Sketched this out this morning and it’s been bugging me:
- If we enumerate ℚ with each element as its decimal expansion, we know that any new number we make a la the old diagonalization trick must be irrational, else we’d have a reductio proving ℚ‘s uncountability
- This is true irrespective of which enumeration/method of “tweaking” the diagonal we pick
- So make the following map for the digits of the diagonal:
- $0 \rightarrow 1$
- $1,2 \rightarrow 4$
- $3,4 \rightarrow 2$
- $5,6 \rightarrow 8$
- $7 \rightarrow 5$
- $9 \rightarrow 7$
- Then pick an enumeration which cycles through ℚ in a way that guarantees the above digits repeat when we apply the map
Clearly this is me being dumb somewhere but I’m not sure where exactly?
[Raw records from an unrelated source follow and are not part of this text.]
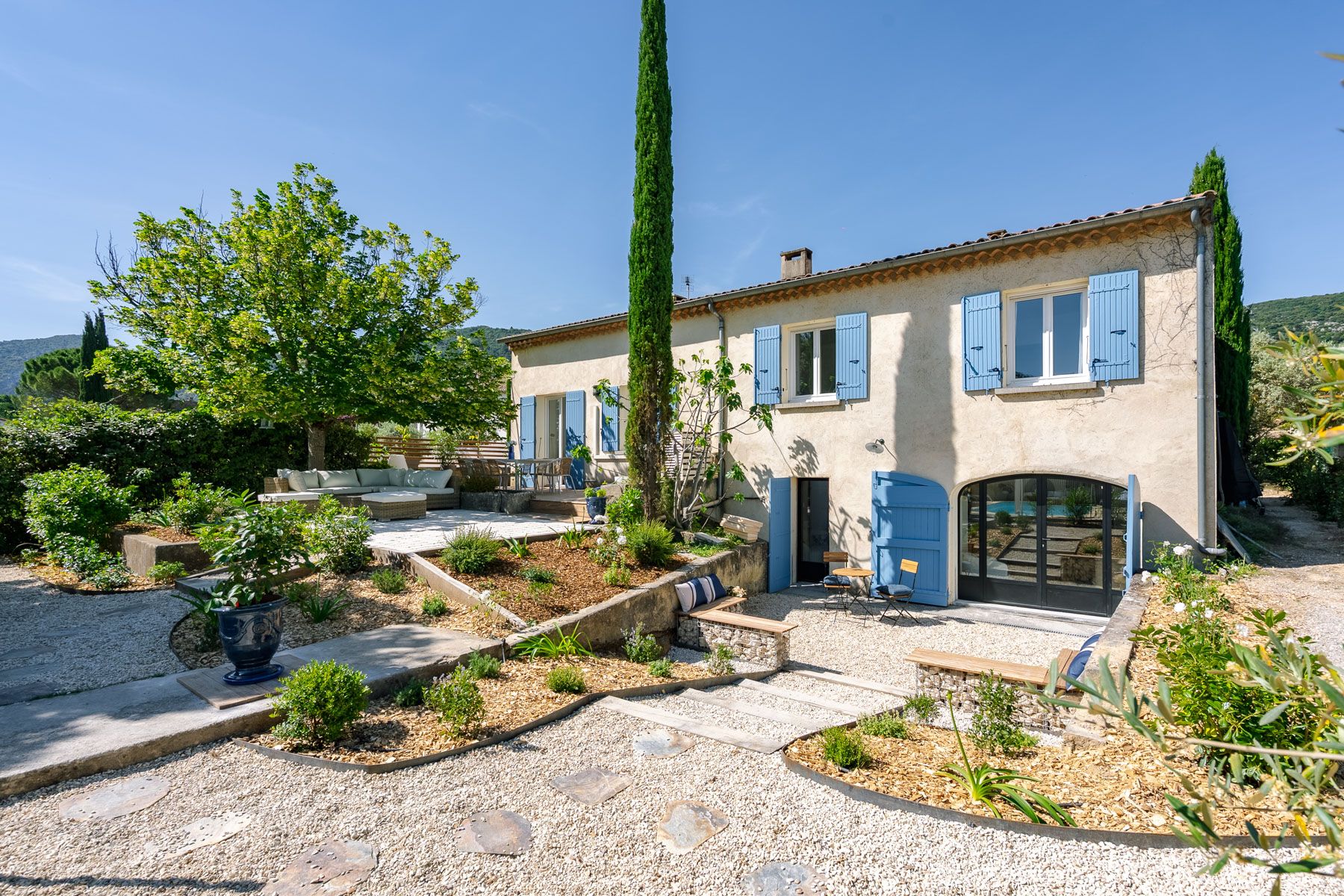 Mas Lavande Bonnieux Luberon: 4-Bedroom Provence Retreat with Spa & Village Location in Lu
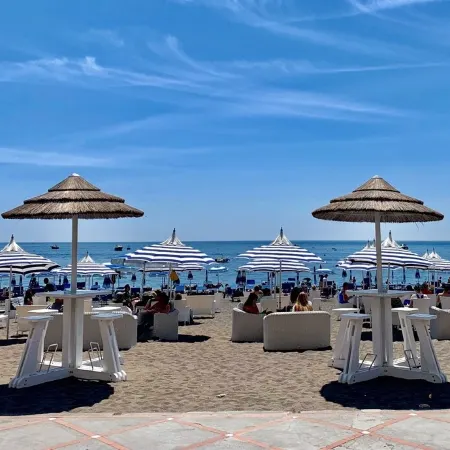 Luxury beach escape: relaxation and charm in Positano. Sea Suite 50 steps from the sea.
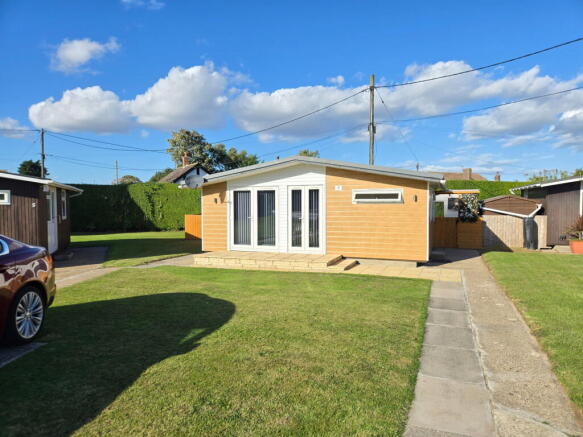 1-bed house on Roman Bank, Chapel St Leonards, Lincolnshire, PE24 5QY, £90,000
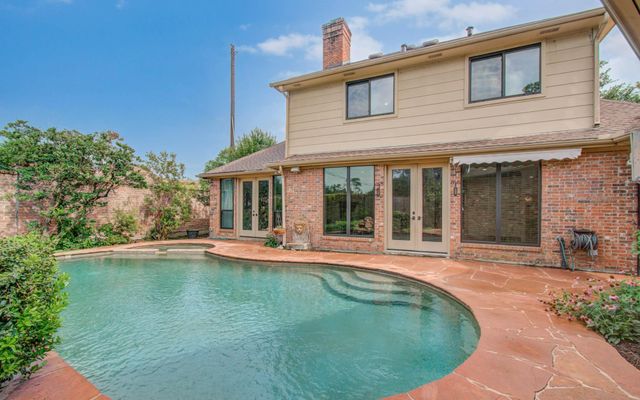 2 Hickory Shadows Drive, Houston, TX 77055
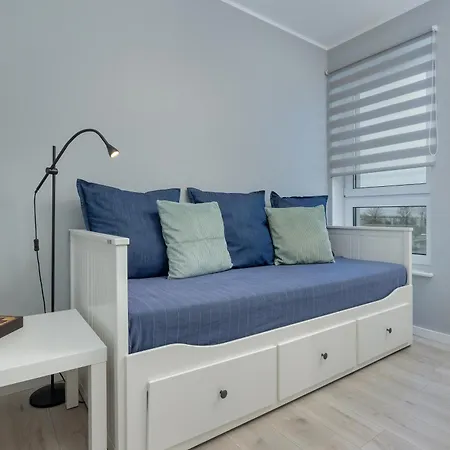 Cztery Pory Roku Komfortowy Z Balkonem I Miejscem Do Pracy By Renters Lägenhet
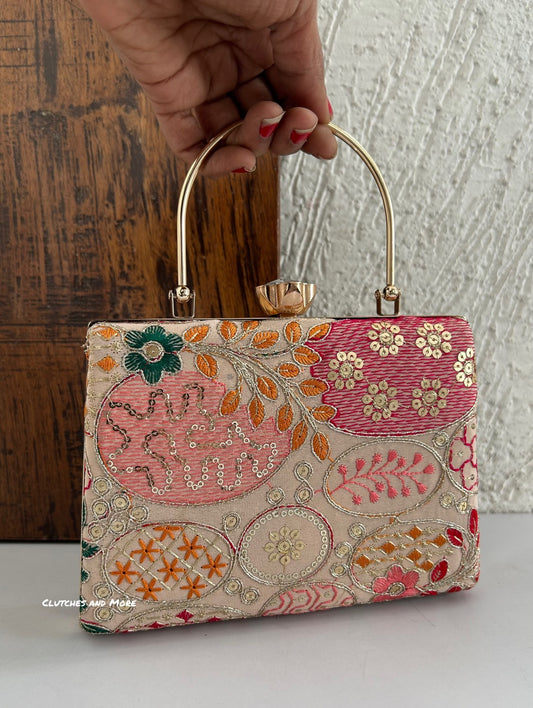 Lakhnawi Chikankari Bag Light Peach /Cream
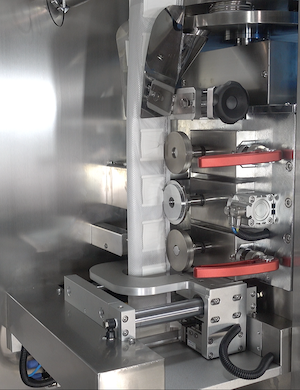 Feed bag packing machine OEM Model 40 1 for Hanging ear Feed inner and outer bag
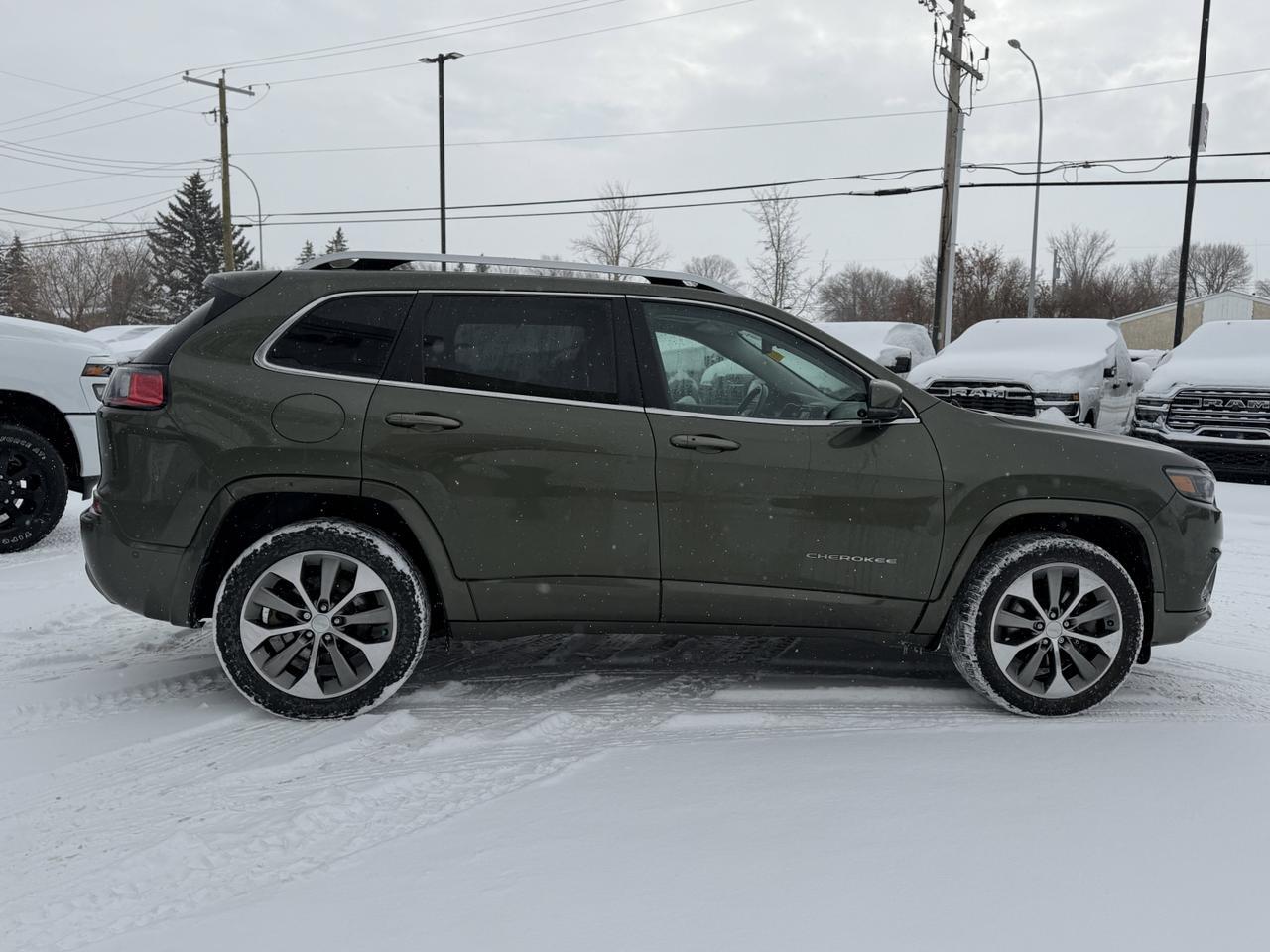 2019 Jeep Cherokee Overland 4x4 | V6 Pentastar | Leather | Heated Vented Seats | Pano Sunroof | NAV | Remote Start Redwater AB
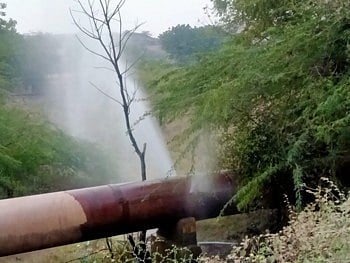 मनपाचे दुर्लक्ष आणि धुळ्याची पाणीपुरवठा करणारी जलवाहिनी फुटली 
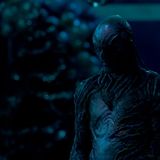 Vecna (Jamie Campbell Bower) ist der Hauptbösewicht in "Stranger Things": Er wurde als Mensch namens Henry Creel geboren und zeigte schon früh telekinetische Kräfte. Er war der Prototyp in dem Forschungsprojekt, dem auch Elf angehörte. Sie war es, die Henry besiegen wollte und ihn stattdessen als Vecna in die Schattenwelt schickte.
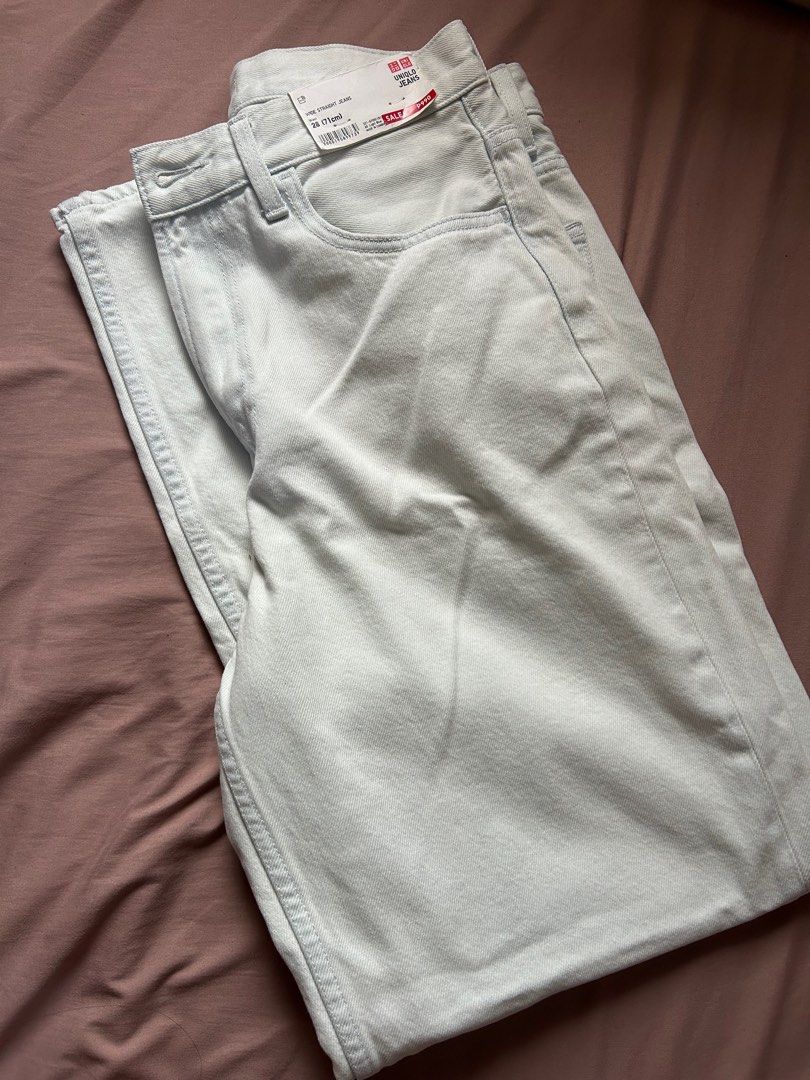 UNIQLO wide straight jeans (Category: Jeans) located in Cabuyao City. Submitted by gegeeeee_ (Listing ID 1385710130, Image 2). Description: BRAND NEW!! size 28 (71cm).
At some point, there will be $\frac 1 7 = 0.\overline{142857}$ in your enumeration of $\mathbb Q$. At that point you have to pick a digit in your new number that makes sure it is not equal to $\frac 1 7$, rendering step $4$ impossible.
Tweaking your enumeration on the go to avoid hitting $0.\overline{142857}$ indefinitely you will end up with an enumeration of (a subset of) $\mathbb Q\setminus\{\tfrac 1 7\}$. Not being on that list doesn't prove irrationality. It just proves your new number is irrational or equal to a rational number not on the list, like $\frac 1 7$.